NAME
HTML::DublinCore - Extract Dublin Core metadata from HTML
SYNOPSIS
use HTML::DublinCore;
## pass HTML to constructor
my $dc = HTML::DublinCore->new( $html );
## get the title element and print it's content
my $title = $dc->title();
print "title: ",$creator->content(),"\n";
## list context will retrieve all of a particular element
foreach my $element ( $dc->creators() ) {
print "creator: ",$element->creator(),"\n";
}
DESCRIPTION
HTML::DublinCore is a module for easily extracting Dublin Core metadata from withing HTML documents. The Dublin Core is a small set of metadata elements for describing information resources. Dublin Core is typically embedded in the <HEAD> of and HTML document using the <META> tag. For more information see RFC 2731 http://www.ietf.org/rfc/rfc2731
HTML::DublinCore allows you to easily extract, and work with the Dublin Core metadata found in a particular HTML document.
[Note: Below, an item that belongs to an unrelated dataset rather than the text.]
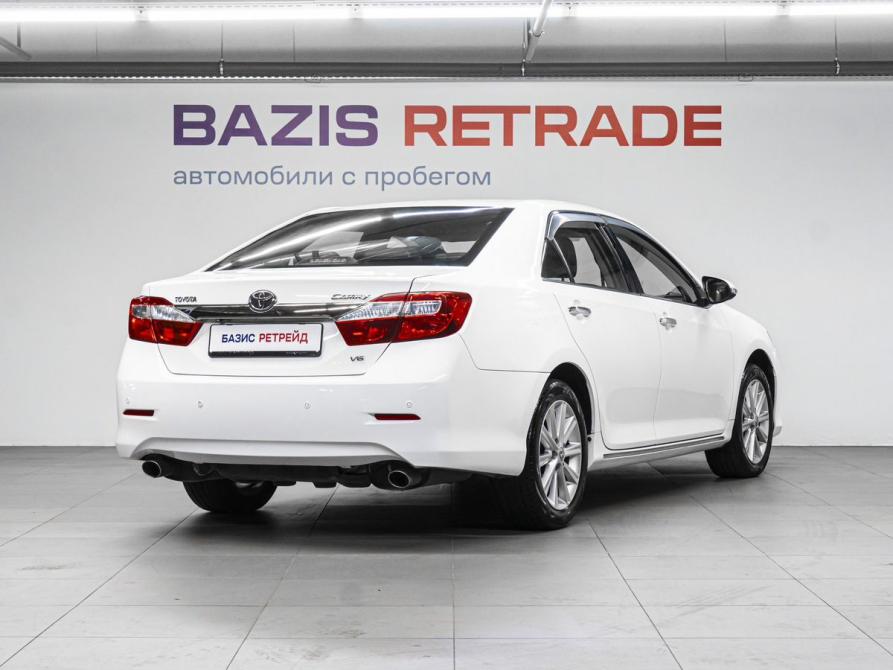 Toyota Camry VII (XV50) Тюмень  - изображение 6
For a definition of the meaning of various Dublin Core elements please see http://www.dublincore.org/documents/dces/
METHODS
new()
Constructor which you pass HTML content.
$dc = HTML::DublinCore->new( $html );
title()
Returns a HTML::Dublin::Core object for the title element. You can then retrieve content, qualifier, scheme, lang attributes like so.
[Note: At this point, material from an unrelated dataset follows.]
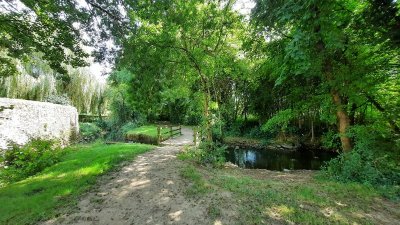 Randonné "La coulée verte"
my $dc = HTML::DublinCore->new( $html );
my $title = $dc->title();
print "content: ",$title->content(),"\n";
print "qualifier: ",$title->qualifier(),"\n";
print "schema: ",$title->schema(),"\n";
print "language: ",$title->language(),"\n";
Since there can be multiple instances of a particular element type (title, creator, subject, etc) you can retrieve multiple title elements by calling title() in a scalar context.
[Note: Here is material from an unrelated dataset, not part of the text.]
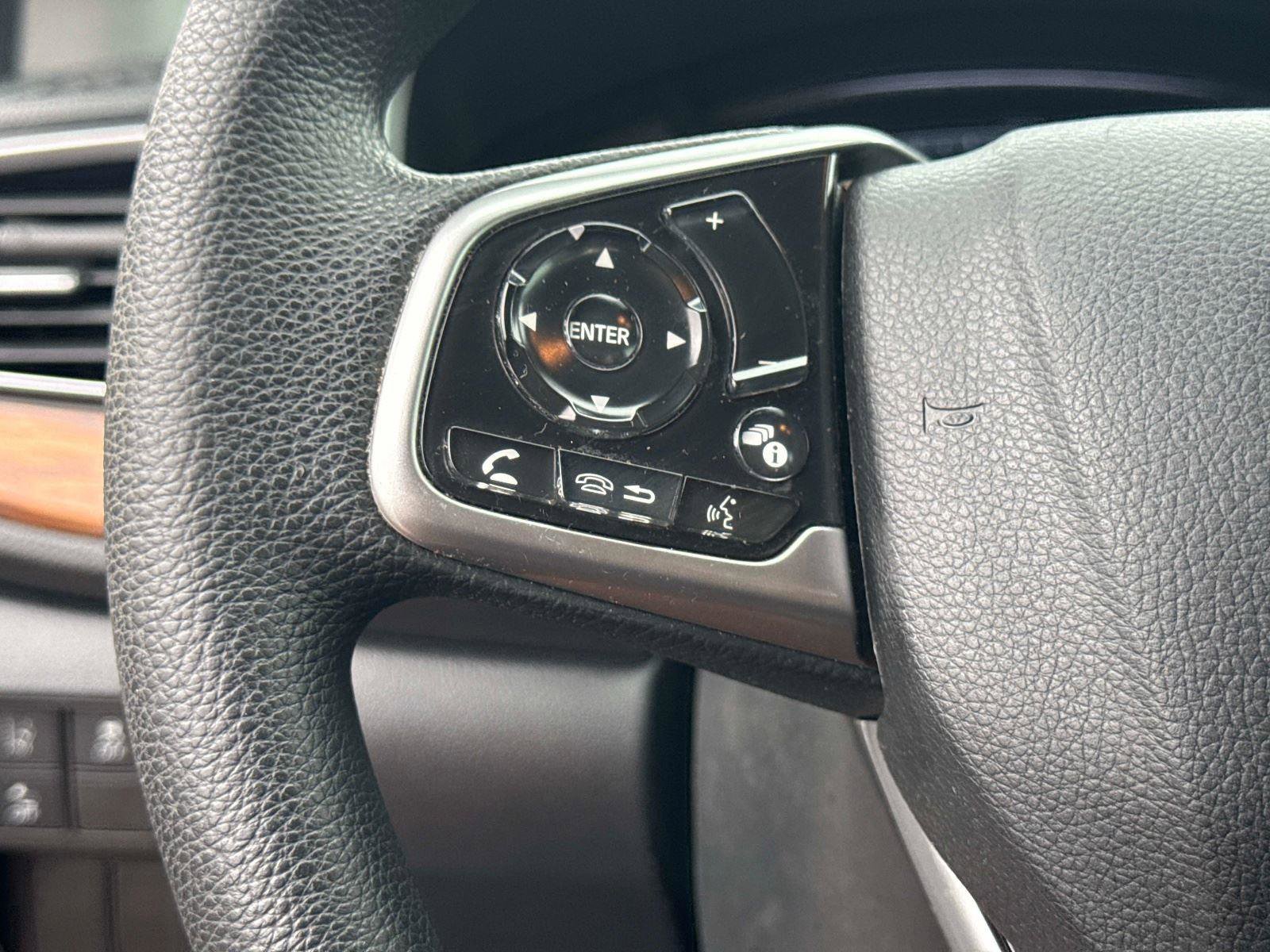 Certified 2021 Honda CR-V EX image 30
my @titles = $dc->title();
foreach my $title ( @titles ) {
print "title: ",$title->content(),"\n";
}
creator()
Retrieve creator information in the same manner as title().
subject()
Retrieve subject information in the same manner as title().
description()
Retrieve description information in the same manner as title().
publisher()
Retrieve publisher information in the same manner as title().
contribtor()
Retrieve contributor information in the same manner as title().
date()
Retrieve date information in the same manner as title().
type()
Retrieve type information in the same manner as title().
format()
Retrieve format information in the same manner as title().
identifier()
Retrieve identifier information in the same manner as title().
source()
Retrieve source information in the same manner as title().
language()
Retrieve language information in the same manner as title().
relation()
Retrieve relation information in the same manner as title().
coverage()
Retrieve coverage information in the same manner as title().
rights()
Retrieve rights information in the same manner as title().
asHtml()
Serialize your Dublin Core metadata as HTML <META> tags.
print $dc->asHtml();
TODO
More comprehensive tests.
Handle HTML entities properly.
Collect error messages so they can be reported out of the object.
SEE ALSO
Dublin Core http://www.dublincore.org/
RFC 2731 http://www.ietf.org/rfc/rfc2731
HTML::Parser
perl4lib http://www.rice.edu/perl4lib
AUTHOR
Ed Summers <ehs@pobox.com>
COPYRIGHT AND LICENSE
Copyright 2003 by Ed Summers
This library is free software; you can redistribute it and/or modify it under the same terms as Perl itself.